I never said "full windows". There is no need for that on a console. But you have answered the need for virtualization yourself. In order to make quick resume seamlessly work for PC games, a hypervisor driven approach seems to make the most sense from a security, abstraction and ease of management standpoint. In any case, we are both speculating here and won't know until MS reveals what is it that they are really making. So I'll leave it there.
Ok, I see what your saying but I guess that's where we disagree. I don't think PC unpackaged games will get Quick Resume. That will likely remain a benefit of native Xbox ecosystem games.
MS will want to run the PC games securely regardless, to prevent piracy. Best way to do that is to remove Desktop mode, and file system access. Secondly, run all those games in a secure container that could be wiped/reset easily.
Containerization is MS preferred way to secure things. XDK created Xbox One games were put into the XVC container (Xbox virtual container).
UWP was naturally sandboxed via the appX container.
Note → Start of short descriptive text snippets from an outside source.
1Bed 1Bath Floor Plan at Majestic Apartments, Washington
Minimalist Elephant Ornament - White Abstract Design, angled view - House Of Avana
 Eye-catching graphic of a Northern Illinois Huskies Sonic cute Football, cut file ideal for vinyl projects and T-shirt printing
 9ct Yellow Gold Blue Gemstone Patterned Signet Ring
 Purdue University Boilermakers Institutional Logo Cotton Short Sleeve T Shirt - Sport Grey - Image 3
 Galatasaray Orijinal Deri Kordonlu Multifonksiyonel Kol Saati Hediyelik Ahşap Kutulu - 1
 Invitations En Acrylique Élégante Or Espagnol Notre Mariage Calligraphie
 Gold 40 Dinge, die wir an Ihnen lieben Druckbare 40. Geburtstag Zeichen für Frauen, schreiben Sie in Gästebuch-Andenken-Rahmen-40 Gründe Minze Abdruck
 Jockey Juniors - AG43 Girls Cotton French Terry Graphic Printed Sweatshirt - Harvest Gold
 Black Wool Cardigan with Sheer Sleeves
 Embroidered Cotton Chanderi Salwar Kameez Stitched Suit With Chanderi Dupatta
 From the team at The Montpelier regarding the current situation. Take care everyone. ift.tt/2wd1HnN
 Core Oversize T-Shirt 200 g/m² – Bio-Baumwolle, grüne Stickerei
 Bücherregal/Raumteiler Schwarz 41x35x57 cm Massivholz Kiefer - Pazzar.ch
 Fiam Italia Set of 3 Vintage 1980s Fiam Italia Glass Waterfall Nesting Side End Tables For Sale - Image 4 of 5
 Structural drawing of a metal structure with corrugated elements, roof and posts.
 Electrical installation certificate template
GDK and GDKX containerize games via MSIXVC. And MSIX containerizes other Win32 apps on MS Store.
xCloud runs on Kubernetes containers, running Series S profiles on custom Series X server blades.
MS plan with Windows 10X for the cancelled Surface Neo was to run three types of containers, appX, MSIX, and a large universal container for all unpackaged Win32 apps. Those principles were all added to Windows 11, before UWP was deprecated.
My point is, think containers, not virtualization of unpackaged Win32 games.
And yes, we're all speculating here. But I do think even the Consoles will run full windows, Magnus seems to have three CPU cores dedicated to OS. A converged Windows 12/Xbox OS would likely be provided to the OEMs to run on the entire Xbox family of devices, the full platform. But features unlock based on form factor.
I expect desktop mode, filesystem access to be blocked for consoles, and odds are only the consoles get the Xbox OS shell. The full windows would be extremely locked down on consoles and lie dormant until invoked. The PC games would run inside a large container. They may do separate containers for each storefront or just one big container for all PC stores.
No containers on Xbox PCs, and Console BC/FC delivered via Smart Delivery. Let's see how things play out.